3) Divulgação e aposta nas redes sociais e novas tecnologias – A aposta na divulgação da oferta através de marketing digital, devidamente segmentado e permanentemente monitorizado, é algo que tem de ser valorizado, mesmo nas agências que não tenham no online uma presença significativa. Por outro lado, a presença em redes sociais permite reforçar a ligação à comunidade de clientes da agência, ajudando a melhorar o espirito de pertença e a imagem da agência, desde que não seja aproveitado para vender de forma ostensiva, porque pode ter um efeito contraproducente, de rejeição perante uma postura demasiado agressiva de venda. Acresce
Por outro lado, em termos de presença online, e ao contrário do que sucedia no passado, é possível, actualmente, ter uma pagina web transacionável a custos de concepção e manutenção bastantes inferiores ao que era comum, o que permite a diferentes agências marcar presença neste meio e ter mais um canal de venda;
4) Formação e avaliação – Esta área foi durante anos negligenciada e posta em segundo plano. Não é possível pensar que, perante o crescente nível de informação e conhecimento por parte dos clientes e querendo apostar em mercados especializados/segmentados, que tal possa sere feito sem preparar convenientemente os consultores de viagens. E é disso que se trata: de substituir o conceito de “técnico de turismo”, identificado com alguém que tecnicamente domina as ferramentas de reserva por “consultor de viagem”, ou seja, alguém com mais aptidões comerciais e mais informado sobre o destino e sobre o cliente, que tenha uma vertente completa de skills de venda. Aliado a este factor, é crucial possuir um esquema de avaliação e remuneratório que efectivamente recompense o mérito e a capacidade de criar valor acrescentado à empresa. Bem sei que a situação económica dificilmente o permite e que a própria dimensão da agência (muitas vezes unidades de reduzida dimensão) pode tornar incompatível esta última questão, mas julgo que deverá ser, pelo menos, tentado.
Procurei com estes artigos relembrar, ainda que de uma forma muito sumária, as principais variáveis que afectaram o segmento das agências de outgoing, e em especial as de retalho de lazer, nos últimos anos e dar uma perspectiva do que poderá ser o seu caminho no futuro. Muitas têm sido as vicissitudes e transformações por que têm passado, algumas delas por culpa própria mas seguramente outras por factores exógenos.
Em algumas circunstâncias, o papel das agências foi considerado, por alguns players, como um mal necessário ou como secundárias nesta cadeia, esquecendo por completo o papel insubstituível como força de venda e com a capacidade única de filtrar e acompanhar os pedidos dos clientes, algo que seria impossível de ser conseguido directamente pelos fornecedores.
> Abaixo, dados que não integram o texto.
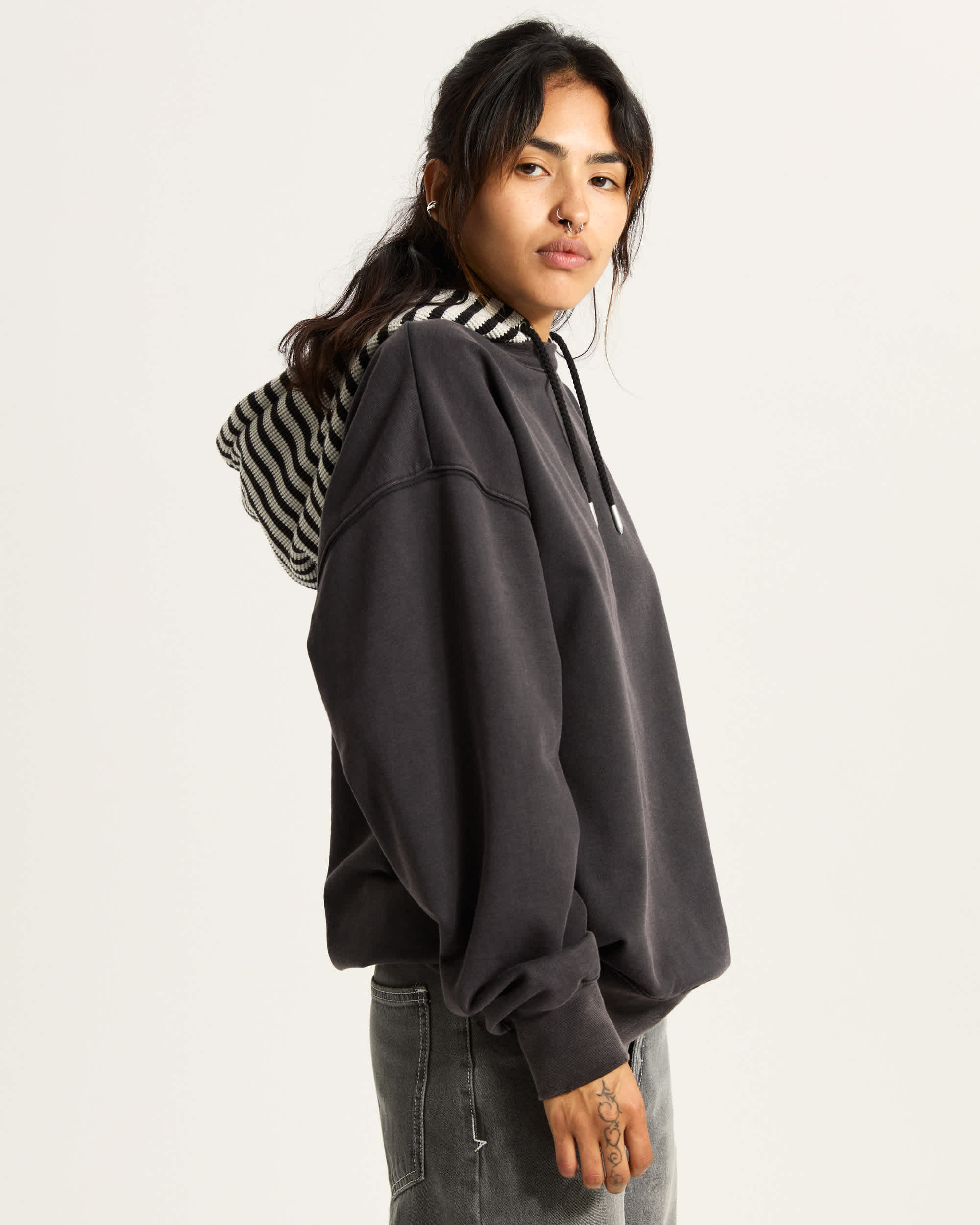 Effy Hooded Sweatshirt VANS Black ALT4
Mas as agências têm de entender que para serem devidamente remuneradas é preciso que essa percepção seja sentida a montante e a jusante, o que significa maior capacidade de associativismo e negociação por um lado e uma maior capacidade de diferenciação e especialização, por outro.
As agências de viagens vão continuar a existir mas para isso têm de ser vistas como um valor acrescentado para que o seu papel seja devidamente compensado.